Weather warnings for ice issued across Northern Ireland after heavy snowfall

Young people take to the grounds of Stormont to enjoy the snow as many of the schools closed due to the weather. Picture by Mal McCann.
Young people take to the grounds of Stormont to enjoy the snow as many of the schools closed due to the weather. Picture by Mal McCann. Young people take to the grounds of Stormont to enjoy the snow as many of the schools closed due to the weather.
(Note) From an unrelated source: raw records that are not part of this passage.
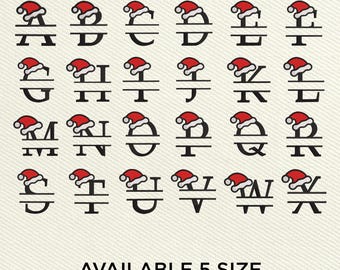 Christmas Alphabet Embroidery Design, Monogram Letters Embroidery Design, Alphabet A - Z Christmas Text Machine Embroidery Design, 5 Size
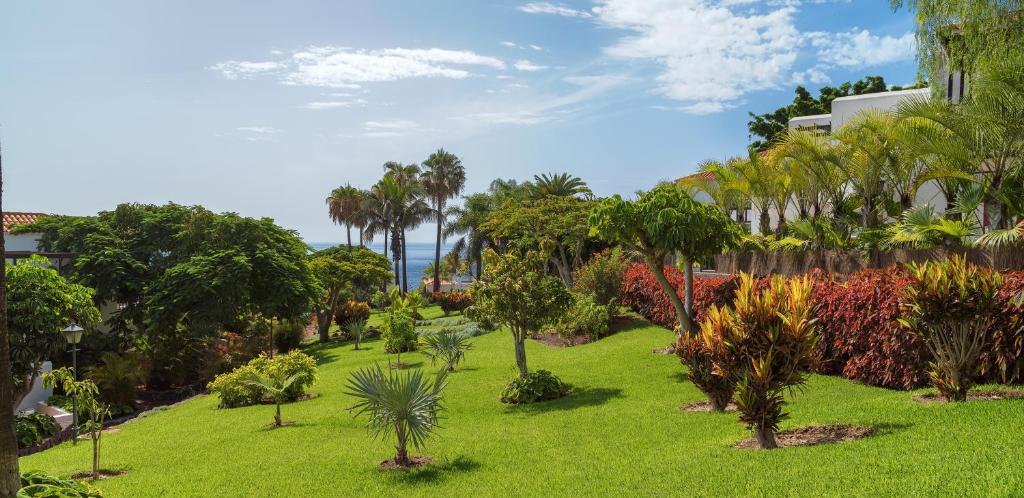 a park with palm trees and grass and a building at Hotel Jardín Tecina in Playa de Santiago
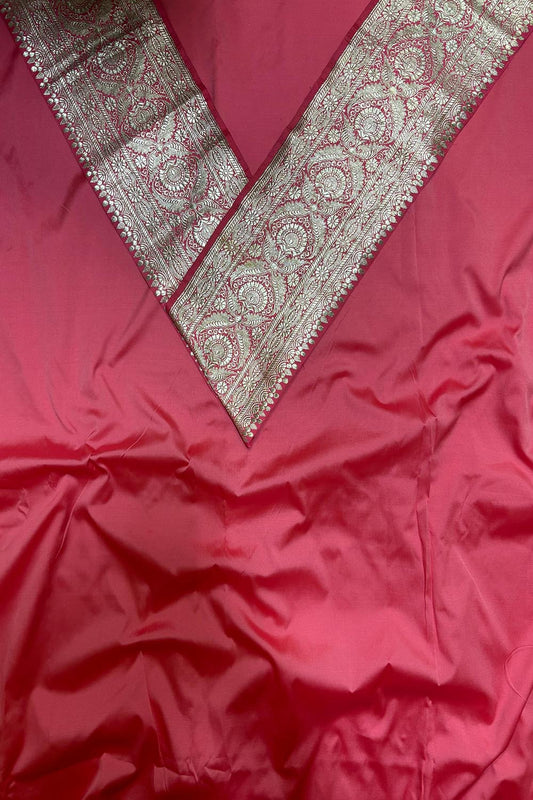 Pink Plain Soft Silk Unstitched Kurti Fabric With Pink Banarasi Handloom Vintage Pure Silk Border - Luxurion World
Picture by Mal McCann.

WEATHER warnings remain in place across the island of Ireland after a major snowfall on Friday closed schools, caused power outages and led to travel disruption.

More than 200 schools were closed on Friday across the north, with parents told that road and pavement conditions were too hazardous.

After a warning for snow on Friday, the Met Office has now extended the yellow weather alert for ice on Saturday until 10am, while Met Éireann also issued a warning for ice across many counties in the Republic.

Official snow measurements from the Met Office showed that 13cm fell in Glenanne, Co Armagh, while 11cm was reported in Lough Fea, Co Derry.

A Met Office spokesperson warned: “With snow and slush affecting many areas and likely to refreeze quickly after dusk, footpaths and walk ways are likely to remain treacherous for much of the next 24 hours, increasing the risk of slips and falls.”

The PSNI has urged road users to take extra care, especially on roads that may not have been gritted.

Drivers were also advised to clear their windscreen of ice before travelling, to reduce their speed and allow more distance for braking between cars.

As well as the disruption to schools and roads, the arctic weather has left thousands without power.

Northern Ireland Electricity reported “widespread damage” across the network, with electric lines and poles brought down in areas like Dromore.

Many homes were affected in south eastern part region, with multiple outages in coastal areas of Co Down like Kilkeel, Annalong, Portaferry and Holywood.

Problems were also reported in Belfast, Newry, Armagh, Lurgan and near Ballymena.

Several local councils had to close facilities and postpone bin collections, with Belfast City Council shutting the City Hall grounds, Belfast Zoo and sports pitches across the city.

Derry City and Strabane District Council closed a number of cemeteries as well as recycling centres.

In public transport, Translink reported multiple interruptions to scheduled bus and rail services while some disruptions for flights were reported at Belfast City and Belfast International Airports.

Department for Infrastructure spokesperson David Porter told BBC NI that although road conditions had improved throughout the day, temperatures were expected to drop below freezing heading into Saturday.

“Whilst we still have snow out and about, the forecast is for good, sunny spells today and we will see a thaw,” he said.

“Now that doesn’t mean we’re out of the woods completely because the weather forecast is showing we will get a dip in temperature tonight and we’re planning on doing some further gritting (on Saturday morning) to keep the roads as safe as they possibly can be for the travelling public.”